Algumas propostas apresentadas pelo Conselho, porém, também foram questionadas pelos movimentos presentes.

A delegação da CUT apontou, por exemplo, que a reunião familiar - concessão de visto aos dependentes de cidadão imigrante no Brasil - estaria garantida apenas aos documentados. Também criticou a proposta de estabelecer como vínculo para essa reunião apenas a condição de dependência econômica, não a questão socioafetiva. Outro problema seria a divisão dos imigrantes - na proposta - entre "qualificados e não qualificados", termo que necessitaria de regulamentação e estabeleceria tratamento desigual entre imigrantes.

Com itens polêmicos nas duas propostas, o público presente no seminário encaminhou a construção de um Grupo de Trabalho (GT) para discutir alterações no projeto com participação social.

A primeira reunião será na quarta-feira 12, às 14h, na sede da CUT Nacional, em São Paulo, e será aberta.

Dois Ministérios - Para Vitor Carvalho, há uma discussão envolvendo Ministérios que deve ser anterior à discussão sobre o trabalho do imigrante no Brasil. "Existe uma disputa entre Ministério do Trabalho e Ministério da Justiça sobre quem de fato tomará para si a decisão de pensar o mundo do trabalho, seja nas resoluções que existem para imigração, seja para ter a competência de emitir os vistos para os imigrantes no Brasil".

O CNIg é vinculado ao Ministério do Trabalho; o anteprojeto da Lei de Imigração é do Ministério da Justiça e os recursos financeiros são dispersos. O Anteprojeto prevê a criação de uma autarquia ligada à Presidência na República que concentraria as discussões sobre o tema, mas não é um consenso.

A secretária nacional de Relações do Trabalho da CUT, Maria das Graças Costa, concorda com a necessidade de uma definição sobre as atribuições dos Ministérios. Segundo ela, há pautas travadas pela disputa entre eles. "Mas é importante resgatar as políticas econômicas e sociais mais abrangentes, como a Política de Valorização do Salário Mínimo, o aumento do emprego formal e Conferência do Trabalho Decente", destaca.
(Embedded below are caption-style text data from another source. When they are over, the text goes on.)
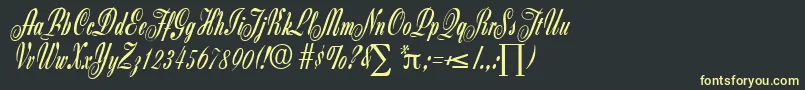 ZanzibarDb-Schriftart – Gelbe Schriften auf schwarzem Hintergrund
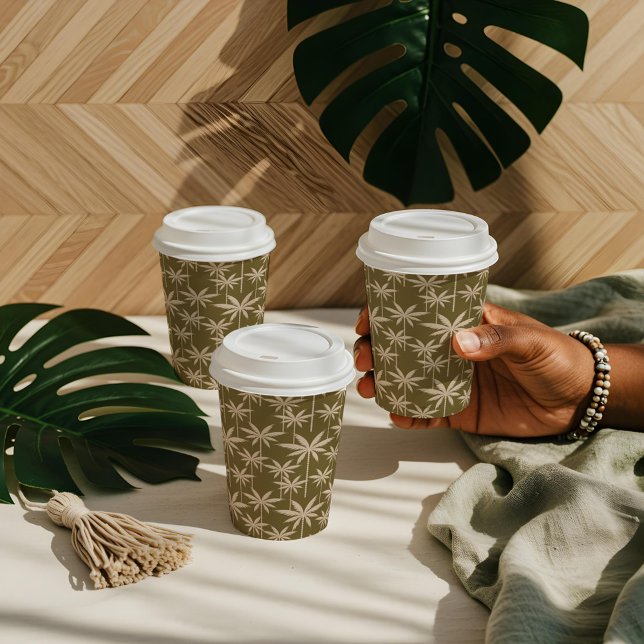 Boho Retro Tropical Palm Tree Pattern Abschluss Pappbecher (Boho Retro Tropical Palm Tree Pattern Graduation Paper Cups)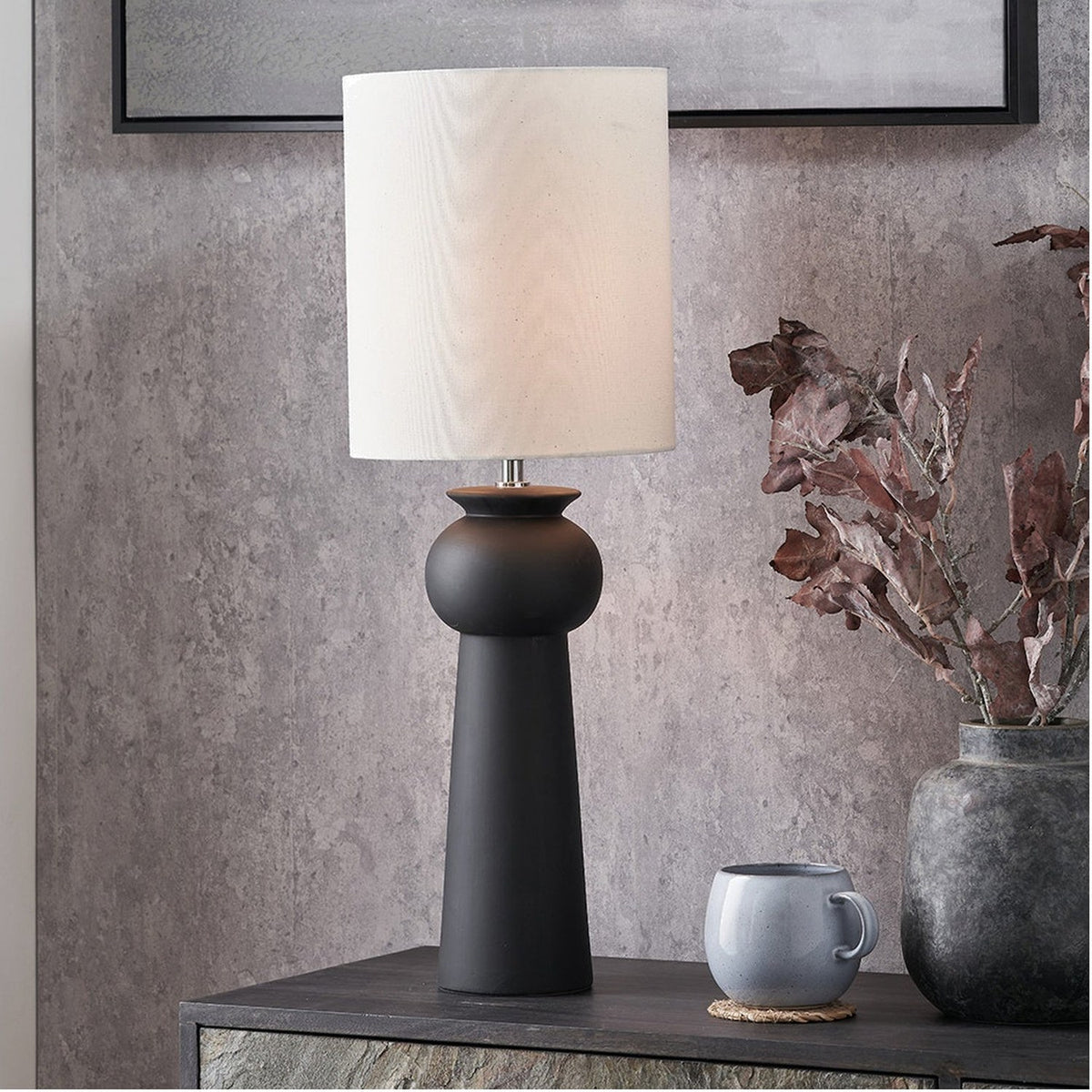 Sloane Black Contemporary Ceramic Table Lamp - 66cm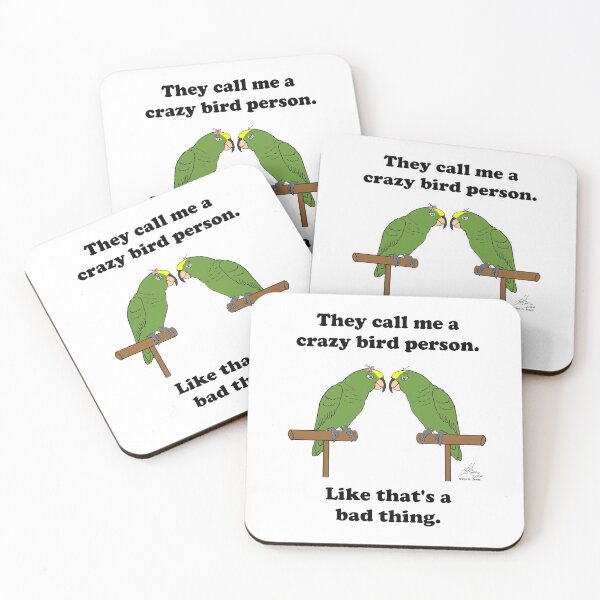 Item preview, Crazy Bird Person with Yellow-crowned Amazons designed and sold by Laughing Parrot Studio.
Para Graça, é fundamental associar a agenda da migração ao desenvolvimento do trabalho decente e da melhoria de vida da população em geral. A secretária aponta que quanto melhor a qualidade do trabalho, melhor para todos trabalhadores, sem distinção. "A CUT atua fortemente no congresso pelos direitos dos trabalhadores, principalmente contra a terceirização, e aprofundará ainda mais a atuação no próximo período. Isto atinge todos e todas, incluindo os imigrantes e os já terceirizados", destaca. "Entre as pessoas que estão com trabalho precário, estão os imigrantes. E como não temos legislação forte, como ela está ultrapassada, elas ficam mais vulneráveis".

Cartilha - A CUT elaborou a Cartilha Migrantes no Brasil: Proteção Social e trabalho Decente para Todos/as (clique aqui para acessar), na qual apresenta Convenções Internacionais, meios de requerer direitos e orientações para documentação, residência e estabilidade no Brasil.